On Thu, Mar 21, 2013 at 6:54 AM, wren ng thornton <wren@freegeek.org> wrote:
On 3/20/13 1:02 PM, Thomas Schilling wrote:> To make this more precise the
next version of hashable (say, 1.3)
> would include this:
>
>     newtype SipHashed a = SipHashed a
>
>     class SipHashable a where
>       sipHashWithSalt :: Int -> a -> Int
>
>     instance SipHashable a => Hashable (SipHashed a) where
>        hashWithSalt salt (SipHashed x) = sipHashWithSalt salt x
>
> Then all Hashable instances are taken from hashable-1.1.  All Hashable
> instances from hashable-1.2 are renamed to become instances of
> SipHashable.

That seems like a reasonable solution.

I only ever use hashmaps explicitly for speed reasons and in applications
that are not susceptible to DoS. The arguments about not wanting to
introduce security issues due to some transitive dependency also hold for
not wanting to introduce performance issues due to some transitive
dependency.
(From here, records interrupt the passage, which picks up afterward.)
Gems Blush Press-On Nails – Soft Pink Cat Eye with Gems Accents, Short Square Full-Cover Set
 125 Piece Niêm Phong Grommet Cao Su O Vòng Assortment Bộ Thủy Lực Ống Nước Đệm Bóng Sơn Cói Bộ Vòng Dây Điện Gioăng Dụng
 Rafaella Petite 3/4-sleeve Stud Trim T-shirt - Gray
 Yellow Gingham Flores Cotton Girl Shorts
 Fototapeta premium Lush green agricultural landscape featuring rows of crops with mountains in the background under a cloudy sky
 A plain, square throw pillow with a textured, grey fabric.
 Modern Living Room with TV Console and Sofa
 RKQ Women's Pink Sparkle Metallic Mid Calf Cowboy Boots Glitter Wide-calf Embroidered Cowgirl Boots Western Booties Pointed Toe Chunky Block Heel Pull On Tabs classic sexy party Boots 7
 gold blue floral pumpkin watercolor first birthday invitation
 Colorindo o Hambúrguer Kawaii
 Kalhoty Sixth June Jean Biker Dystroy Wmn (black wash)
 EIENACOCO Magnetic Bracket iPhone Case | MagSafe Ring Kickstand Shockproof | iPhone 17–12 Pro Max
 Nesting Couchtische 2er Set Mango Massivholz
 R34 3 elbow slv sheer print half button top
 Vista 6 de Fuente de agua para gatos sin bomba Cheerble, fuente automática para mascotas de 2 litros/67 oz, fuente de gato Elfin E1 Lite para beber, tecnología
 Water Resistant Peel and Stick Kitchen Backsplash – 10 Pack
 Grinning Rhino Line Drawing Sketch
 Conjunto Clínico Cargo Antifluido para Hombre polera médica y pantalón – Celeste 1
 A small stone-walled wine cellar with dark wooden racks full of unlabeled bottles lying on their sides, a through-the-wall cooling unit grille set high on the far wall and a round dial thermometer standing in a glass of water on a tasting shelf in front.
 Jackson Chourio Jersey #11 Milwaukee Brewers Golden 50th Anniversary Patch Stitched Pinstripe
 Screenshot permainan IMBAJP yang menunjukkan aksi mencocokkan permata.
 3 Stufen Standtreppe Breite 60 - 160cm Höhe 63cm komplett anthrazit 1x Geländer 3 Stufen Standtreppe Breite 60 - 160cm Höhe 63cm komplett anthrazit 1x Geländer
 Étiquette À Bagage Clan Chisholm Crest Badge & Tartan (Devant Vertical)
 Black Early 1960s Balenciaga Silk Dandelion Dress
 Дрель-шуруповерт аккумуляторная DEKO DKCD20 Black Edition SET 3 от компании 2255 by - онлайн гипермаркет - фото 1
I respect all the folks working on web frameworks in Haskell,
but there are also those of us who work on programs where compute time
really is the number one concern (once an acceptable level of correctness
and precision has been obtained); and when experiments are measured in
days or weeks of cluster time, those "little" 1.3x and 1.5x slowdowns
really hurt, let alone the 2.0x people've mentioned with siphash.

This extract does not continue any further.